El retrato moral, ético, temperamental, caracterológico, emocional, sentimental, cívico… de don José, como el de cualquier personaje de novela o no, solo puede delinearse, intentar una aproximación, aludirse por sus hechos y pensamientos, nunca nada definitivo a pesar o debido a los ilimitados moldes humanos siempre mudables y rompibles. ¿Quién se reconoce en su retrato hecho por otro, otros, incluso por mano propia? Un rasgo vacuo en tal descripción se aprecia en la primera victoria ganada por don José al allanar la resistencia de una anciana vecina, mediante engaño, a proporcionar información sobre la mujer desconocida, motivo de su aventura.

Su inexplotado e inexplorado potencial de adaptación, adopción, astucia, solapamiento, sonsacamiento… escondido e ignorado por el propio don José, un modesto escribiente público, a la hora de insoslayable pero trascendental trato con una poca gente extraña que puede llevarlo a donde –vueltas en redondo, recurso del hilo de Ariadna– ha de llegar.

¿Por qué a don José, en el comienzo de su búsqueda, no se le ocurrió consultar la guía telefónica sobre la desconocida de quien sólo sabía su nombre y una antigua dirección?
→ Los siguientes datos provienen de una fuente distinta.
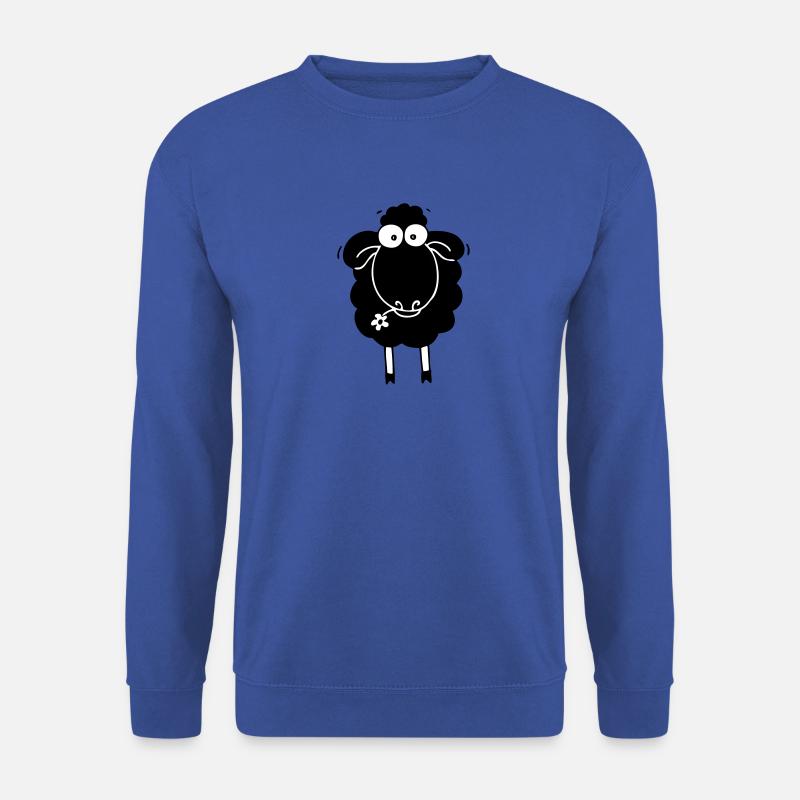 Schaf schwarz - Unisex Pullover - Royalblau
Dirección donde el aprendiz de detective que indaga y sigue pistas borrosas, ante su primera informante pone en evidencia su impericia y nerviosismo e interés personal en un falaz asunto de carácter oficial. La autodelación del despistado solapador, fatal constante en cada hito inventado por el endógeno aventurero.

Don José no desea –al revés de Don Quijote o de Madame Bovary–, no quiere que la (su) desconocida sea como los personajes o las heroínas de su colección de celebridades. Por el contrario… ¿Qué tanto sabe o intuye don José que la desconocida es un (su) personaje de ficción… casi como él mismo? (Y el propio lector, ¿otro actor ficcionario, novelesco en la medida de su desaforado involucramiento?).

Don Quijote, el amante ideal de su imposible señora Dulcinea; don José, el amante imposible de la desconocida ideal. Pues tampoco don José es aristócrata, ni héroe tardío del romanticismo, ni paladín de nada, ni sistemático o sistémico antihéroe antisistema…

Don José es un personaje quien, así hayan algunos como él en la llamada vida real, también necesitó ser inventado para protagonizar una (esta) especie de aventura. Si el propio don José tiene un nombre, sólo él, es por rara generosidad del autor, su creador o descubridor. ¿Y, también, al cabo, creador del probable, eventual lector?.

Bien o mal visto a don José no le interesa ni afecta demasiado tener un nombre, ese, responder a tal alguna vez, saber que así se llama, aunque podría ser cualquier otro, para efectos por causas de toda índole, daría igual, ya que todos los nombres son cabalmente iguales, pero no tan así, obviamente, para quienes los ostentan o detentan, más en el caso de don José su común nombre de ninguna manera corresponde a quien él es. Por supuesto que conoce el nombre que le dieron, como todos, pero desconoce el nombre que tiene.

La repetición del nombre, a través del tiempo, equivale a los martillazos del cincel para darle forma a la piedra, que siempre será piedra, así tenga forma humana, u otra.